Farmers hit back in water stoush

FARMERS at the end of the line have hit back at claims environmental flows down the Murrumbidgee would wipe out vast slabs of agricultural land near Wagga and say the water is “desperately” needed downstream.
Nanjing Night Net

DRIED OUT: Peter, Brett and Tom Morton downstream on the Murrumbidgee. Picture: Supplied

It comes as Collingullie landholders ramp up the fight against the flows ahead of immanent releases and proposals put forward by the Murray-Darling Basin Authority to increase those releases.

They say the “plan to save the Murray comes at the expense of the Murrumbidgee” and fearinundation of their land.

ButBalranald farmerDavid Lockhart refutes that and said the flows are “well and truly” below minor flood height.

The last assessment had 4.9-metre river level peakat Wagga, with theminor flood height just over seven metres.

Baranald sits at the junction of the Murrumbidgee and Murray rivers, about 100 kilometres west of Hay.

“For our wetlands to receive any water those rivers need to be running fairly high,” Mr Lockhart said.

“The Murrumbidgee needs to be running 5000 megalitres a day.”

Mr Lockhart said a flow of that capacity is what’s needed toreach wetlands along the Murray.

“It isdesperately needed for our area,” he said.

“So we are100 per cent in support of the Office of Environment and Heritage and their effortsto get water down to our wetlands. There hasn’t been a substantial flood where we are since 1993.

“Our trees are dying.”

Mr Lockhart said the flows, known as “piggy back flows”, double down on recent rain.
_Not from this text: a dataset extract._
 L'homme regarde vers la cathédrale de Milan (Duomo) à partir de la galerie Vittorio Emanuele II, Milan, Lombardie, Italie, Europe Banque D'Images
He said a major flood could be less severe because of the reduced dam height.

Meanwhile, another farmer downstream has written that she hopes the beauty of the Murrumbidgee can be preserved for generations to come.

Sue Morton said in a letter to the editor that without environmental flows, native flora and fauna are at risk.

“Our river rarely runs a high flow. Consequently, all the billabongs, creek systems and lakes do not receive their supply that created them in the first instance,” she said.

“We have areas where 100-year-old trees may perish due to the lack of water.We hope that all families can enjoy and share the beauty of the mighty Murrumbidgee River and not deny the people downstream the same pleasure that they experience.”